Ethiopia uses the Julian calendar, so Ethiopians celebrate Christmas on January 7th. In the Ethiopian Orthodox Church, this Christmas celebration is called Ganna. Members of the church participate in a special Advent fast during the 43 days before Christmas, which begins on November 25th, called Fast of the Prophets. They adhere to a strict diet of one vegan meal per day.
On Ganna, the people dress in a traditional garment called a Netela, a thin white cotton piece of cloth with brightly colored stripes on the ends worn like a shawl or toga. They attend mass at their churches on Christmas Eve at 6PM, a service which lasts until 3AM on Christmas Day. An Ethiopian Church is designed as three concentric circles. During this service, the choir sings from the outer circle. Everyone in the congregation is given a candle to hold while they walk around the church three times in a procession. After, they assemble in the second circle to stand during the service, separating the males and the females. The center circle is considered the most holy place in the church, and is reserved for the priest to conduct the mass and serve the Holy Communion.

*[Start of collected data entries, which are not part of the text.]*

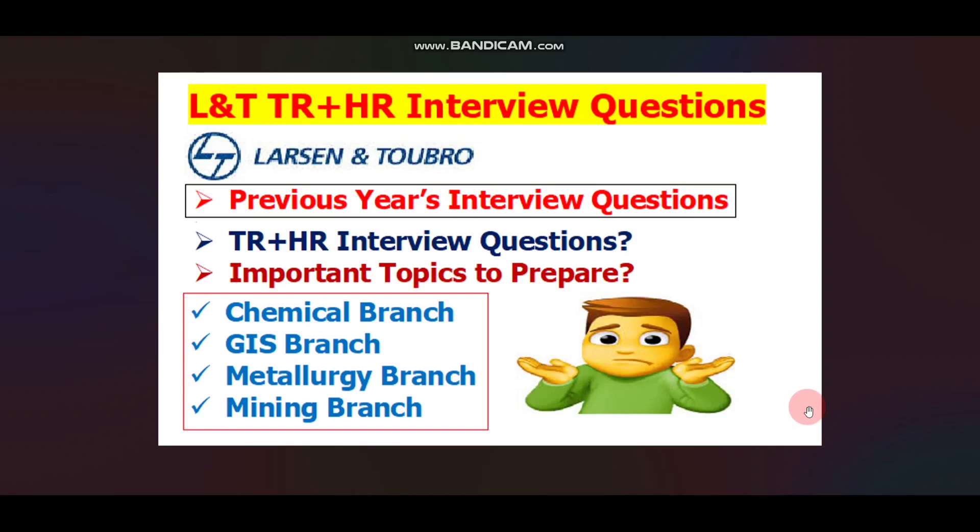Hello everyone, welcome to Code with Anurag, where you can find the latest job updates and complete placement preparation. Finally, on your demand, I am here with this video. In this video, I will discuss L&T TR plus HR interview questions, and also I will discuss some important topics to prepare for the technical round of L&T.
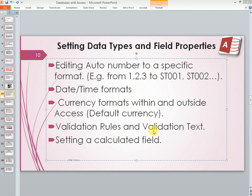We are continuing with setting up data types and field properties. This time round we are going to look at validation rules and validation texts.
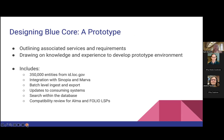We are currently working on a prototype. We are outlining the associated services and requirements for that prototype, drawing on the knowledge and experience just mentioned. It will include 350,000 entities from id.loc.gov. It will integrate with Sinopia and Marva linked data editors, support batch-level ingest and export, demonstrate the ability to send updates to consuming systems, support search within the database, and it will need to be compatible with the Alma and Folio library service platforms, which are the LSPs the BlueCore members currently use.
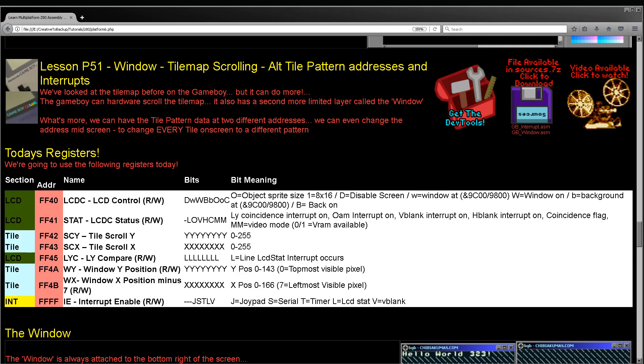Hello, it's Keith here, and this is lesson 51 of the platform specific series of my Z80 programming tutorials. We're going to be looking at the Game Boy again this week, and we're going to be looking at some extra features of the tile map that we didn't look at last time. Specifically the window, which is a limited extra tile map, and also the scrolling of the tile map. The first thing to point out is, before anyone gets pedantic, the Game Boy isn't a true Z80. It's sometimes referred to as the GBZ80 because it's got some features missing, but it's almost the same, so we put it in the Z80 tutorials.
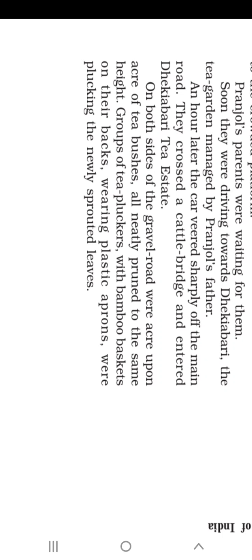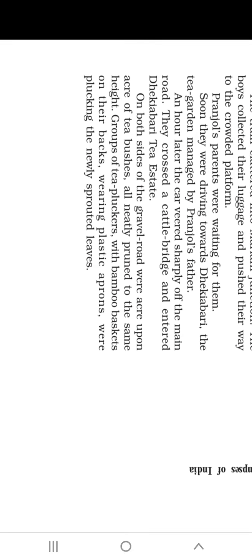The tea pluckers wear plastic aprons because tea leaves may stain their clothes. Chai ka daag turant lagta hai — tea stains quickly. So they wear aprons to protect their clothing. They were plucking the newly sprouted leaves.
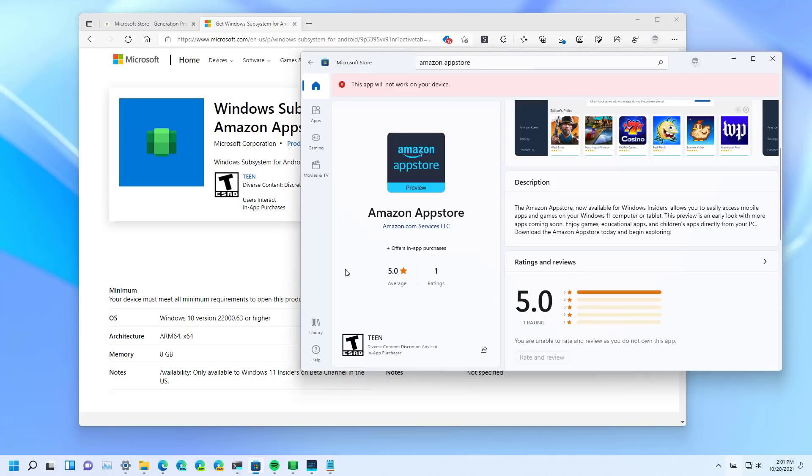So in order to install the Android app platform on Windows 11, the only thing you need to do is to install the Amazon App Store app. That will also install the Windows Subsystem for Android on your computer.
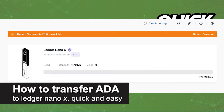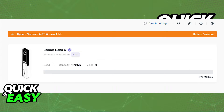In this video I'm gonna teach you how to transfer ADA to your Ledger Nano X. It's a very quick and easy process so make sure to follow along.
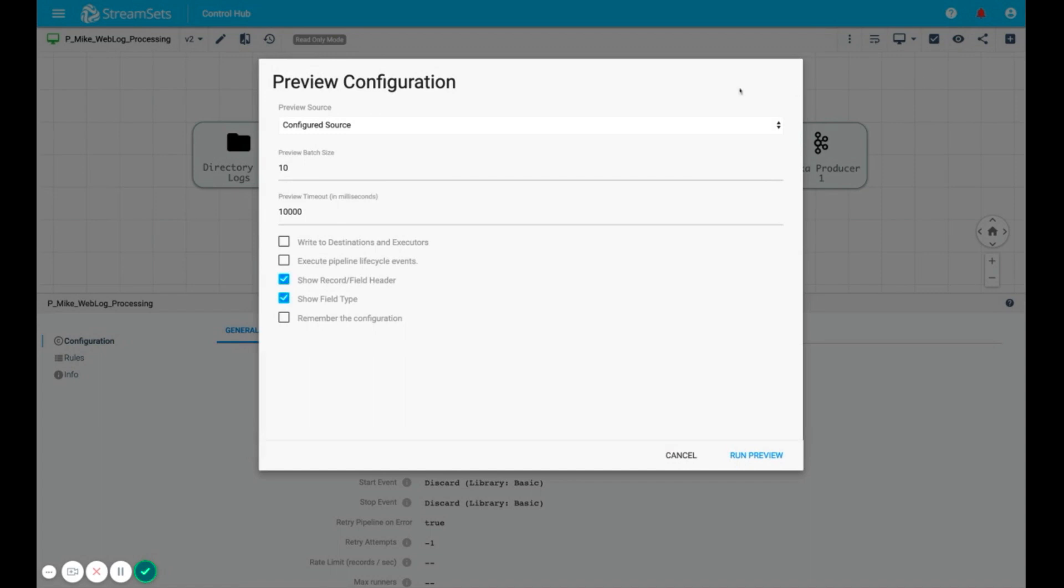You can use the source origin or test origin with dummy data. You can configure the batch size or write a sample of data to the destination or execute pipeline lifecycle events like shell executor or the email executor.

Twelve days after Ganna, on January 19th, Ethiopians begin Timkat, the three day celebration of the baptism of Jesus Christ, and the beginning of His earthly ministry. Children walk to church services in a procession, wearing the crowns and robes of the church youth groups they belong to, while adults wear the Netela. Priests wear red and white robes and carry embroidered fringed umbrellas. During this procession musical instruments are played, such as the sistrum, a percussion instrument which resembles a vertical tambourine. Priests use the makamiya, a long t-shaped prayer stick, to keep the rhythm and to lean on during the long Timkat church service.
During this season, the men and the boys play a game also called Ganna, similar to hockey, played with a curved stick and a wooden ball. Another game, called Yeferas Guks, involves men on horseback throwing ceremonial lances at each other.
One traditional Ethiopian Christmas dish is wat, a thick, spicy stew made of meat, vegetables, and eggs, eaten on a flatbread plate called injera. Pieces of the injera are broken off and used to scoop up the wat.